Dr Arno Penzias, Nobel Prize in Physics: "The second 'improbable' feature of the early universe, almost as improbable as creation out of nothing, is an exquisitely delicate balance between matter and energy. third - and this one puzzles scientists almost as much as the first two - [is that] somehow all these pieces, each without having any contact with the others . . . must have appeared with the same balance between matter and energy at the same instant."
Prof Jay Roth, University of Connecticut: "There is so much in the physical nature of the universe we inhabit: the exact balances of everything needed to sustain life, the piling of coincidence on coincidence, every one of which is vital for the development of a stable star with a planet that can support life! Even the coincidences that must occur for this planet to have oceans with moderate temperatures over four billion years are highly unlikely."
Now the fact that, against such super-astronomical odds, our universe has in fact proved capable of generating and sustaining life is something that has driven scientists to one or other of what appear to be only two possible conclusions.

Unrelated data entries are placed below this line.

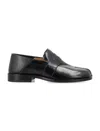 Maison Margiela Split Toe Leather Loafers With Iconic Design In Black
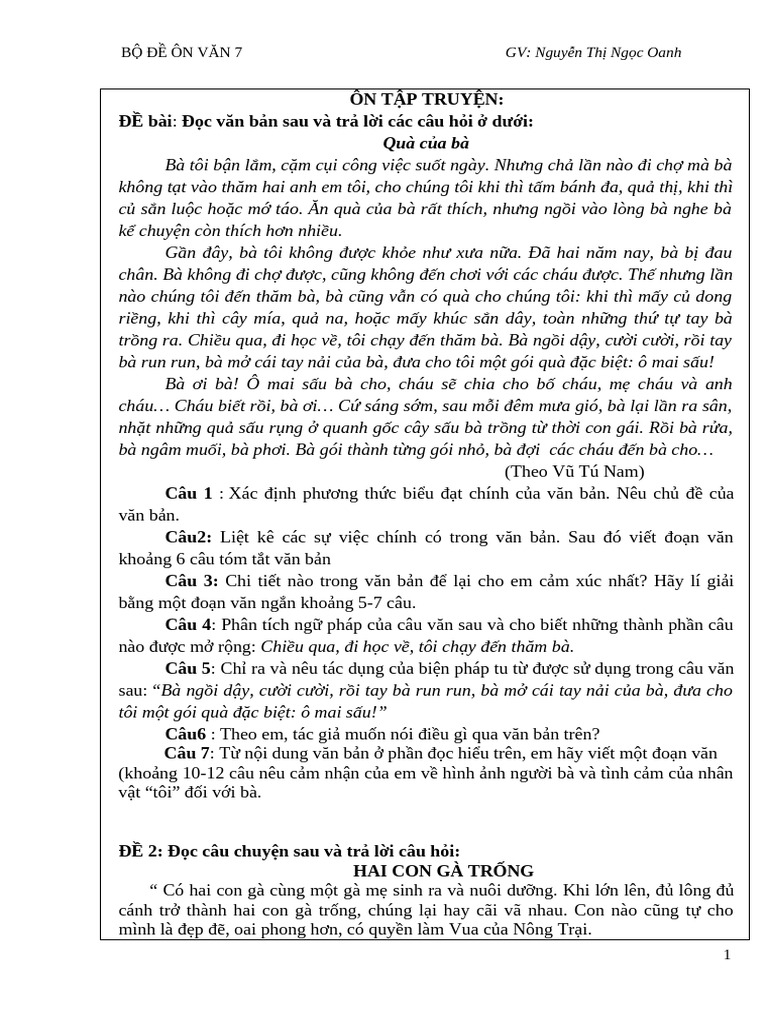 BỘ ĐỀ ĐỌC HIỂU VĂN 7- DÀNH CHO HS | PDF
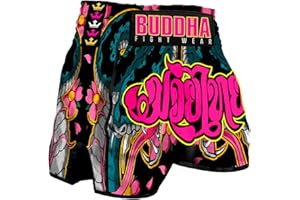 Buddha Fight Wear - Pantalon Muay Thai et Kick Boxing Modèle Européen Geisha - Tissu Satin Premium - Nouveau Motif Européen - Grande Adaptation à la morphologie de Chaque Combattant - Divers modèles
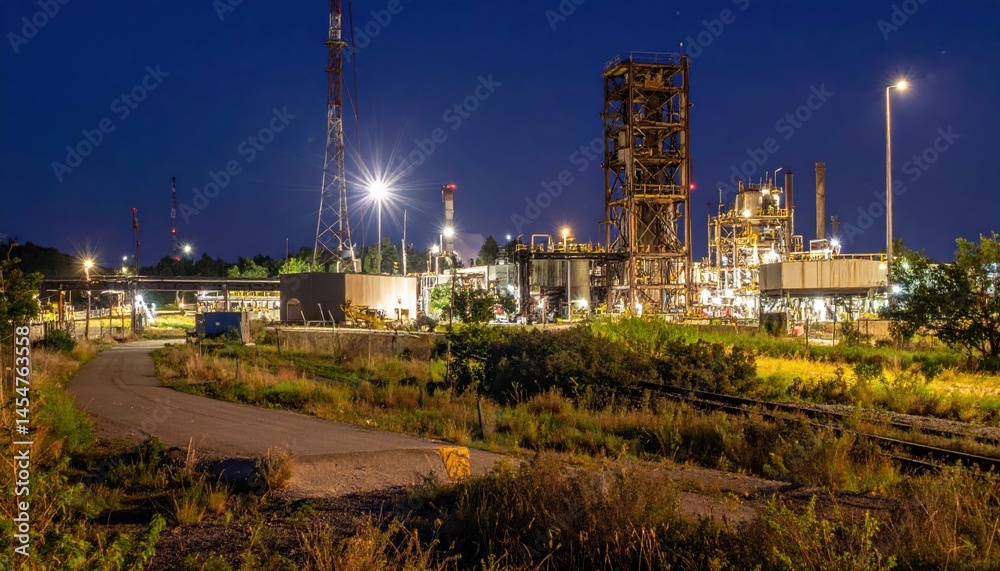 Obraz premium Nighttime Industrial Scene with Lights and Equipment in the Background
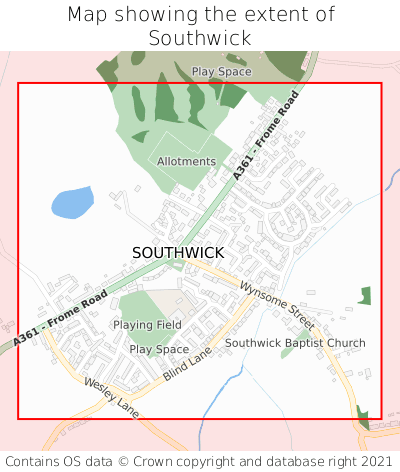 Map showing extent of Southwick as bounding box
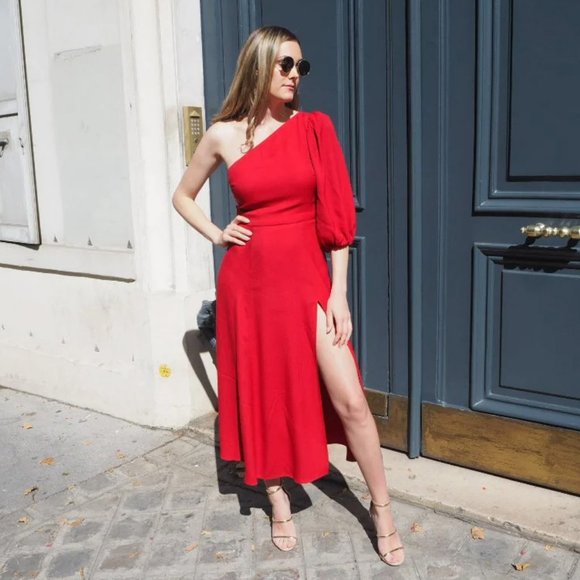 Reformation Red One-Shoulder Midi Dress - Picture 5 of 8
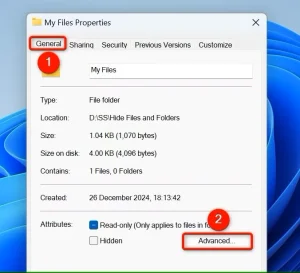 "General" و "Advanced" در پنجره "Properties" برجسته شده اند.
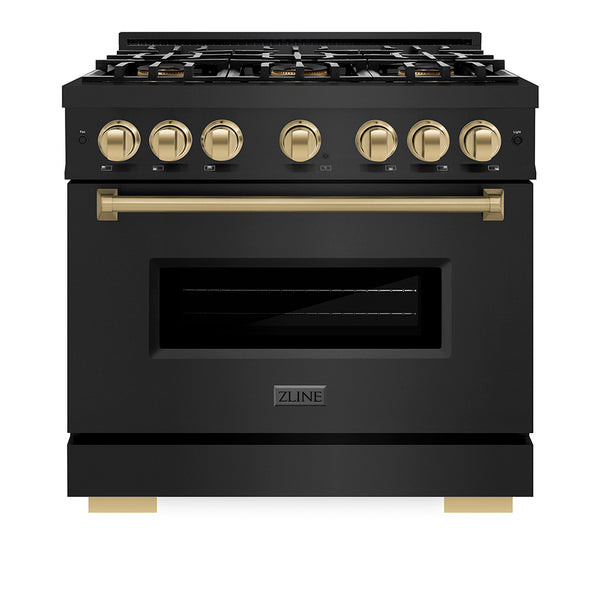 ZLINE Autograph Edition 36 in. 5.2 cu. ft. Classic Gas Range with 6 Burner DuoPro™ Cooktop and Convection Gas Oven in Black Stainless Steel and Champagne Bronze Accents (PCGRBZ-36-CB)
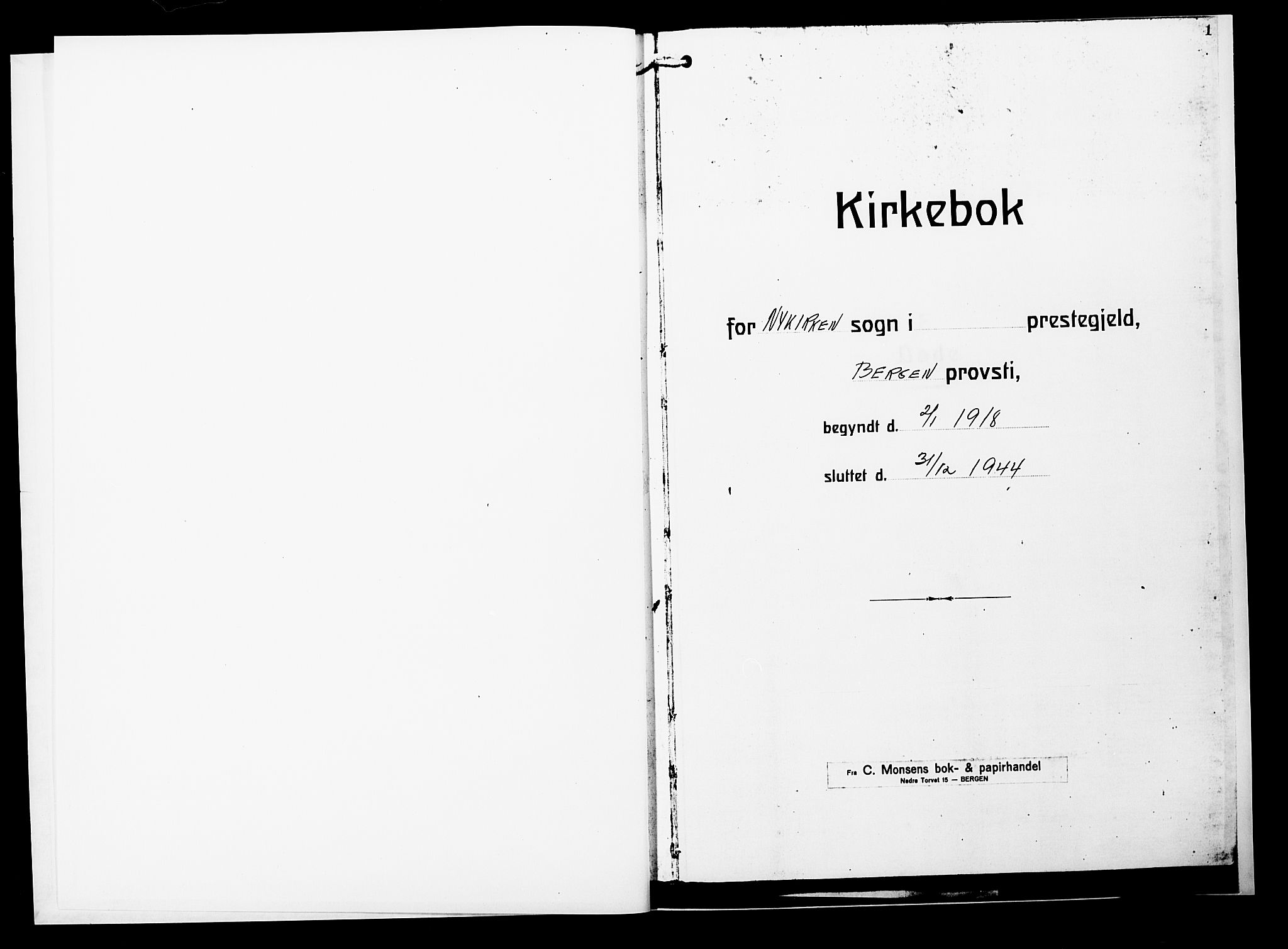 Nykirken Sokneprestembete, AV/SAB-A-77101/H/Hab: Klokkerbok nr. E 2, 1918-1924, s. 1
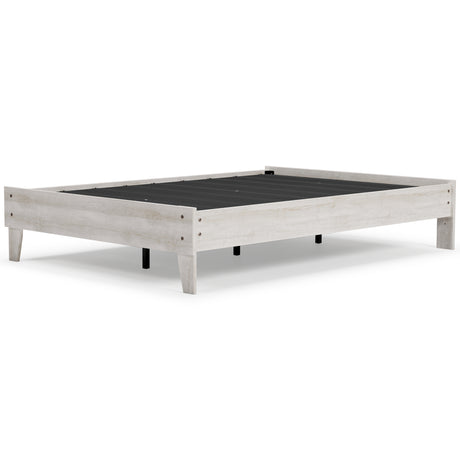 Shawburn Full Platform Bed with Mattress in Whitewash from Ashley - Luna Furniture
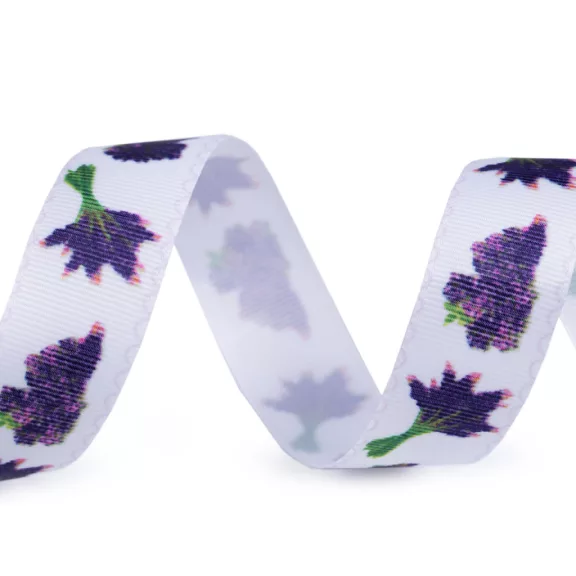 Szalag virág szélessége 25 mm - 5 fehér levandula (112,5 m-es csomagolás) Szalag virág szélessége 25 mm - 5 fehér levandula (112,5 m-es csomagolás)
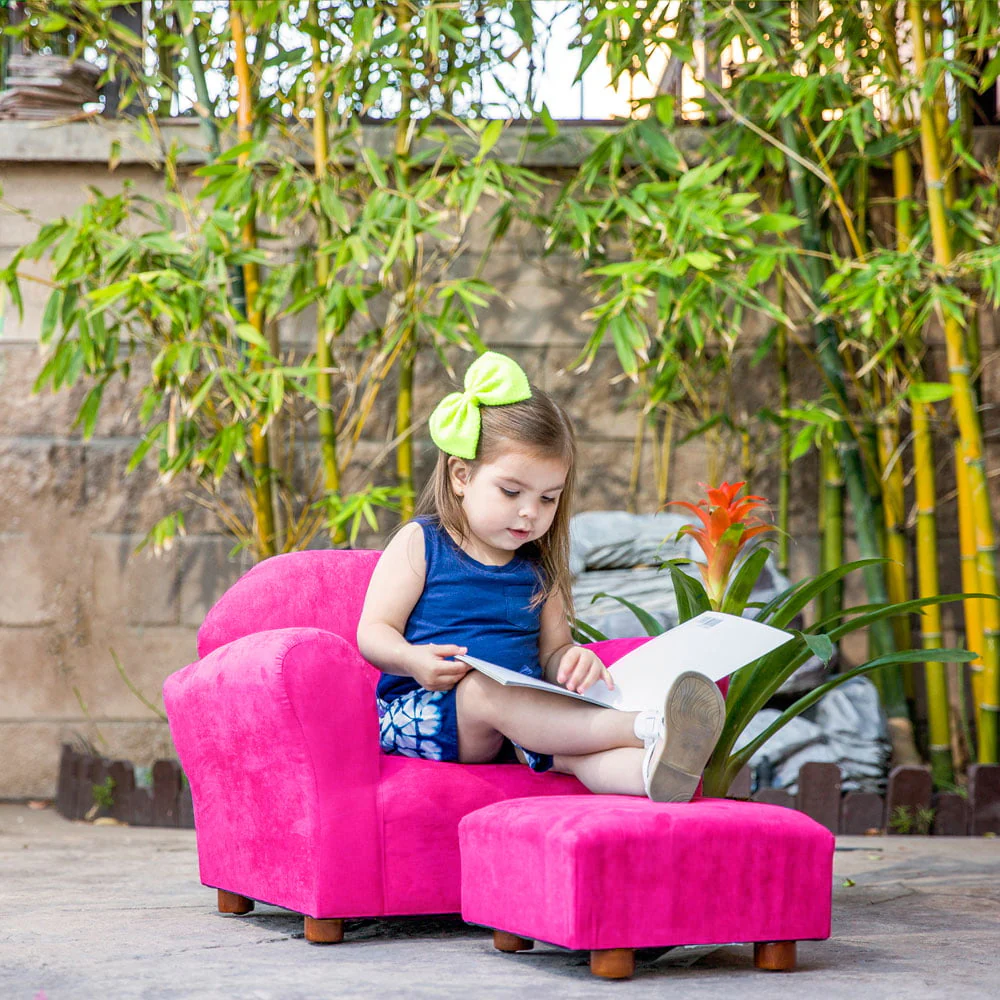 Keet Roundy Children's Chair Microsuede Pink with ottoman - Image 3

Some of them, perhaps a minority, believe that if ours is in fact the only universe, it must have been designed for the purpose of supporting life.
Others, some perhaps unhappy with that potentially theistic hypothesis, have come to feel that the only alternative explanation for the existence of our life-bearing universe must be the existence of an infinite number of universes - because out of that infinite number one of them was bound to have turned out to have the unique set of characteristics that make the existence of life possible. And we just happen to be living in that particular and unique universe.
Surely an issue such as this is worth putting before children - all children, not just those studying science as one of their school subjects? And should children not also be encouraged to think about other similar issues, such as whether the universe could have been self-generated out of nothing?
Secondly, is it right that young people should grow up without knowing that the physical objects that they observe around them are not solid matter, but instead are composed of huge numbers of separate particles, which happen to be organised in such a way as to give an illusion of solidity - and that in certain circumstances these particles are capable of behaving in a manner contrary to common sense?
Should they not be told that it is inherently impossible to measure the position and momentum of an atom - because it has been established that the act of observation itself actually changes in an unpredictable and uncontrollable way that which is being measured.
Or am I all wrong in my belief that education should teach children that there are things they cannot know?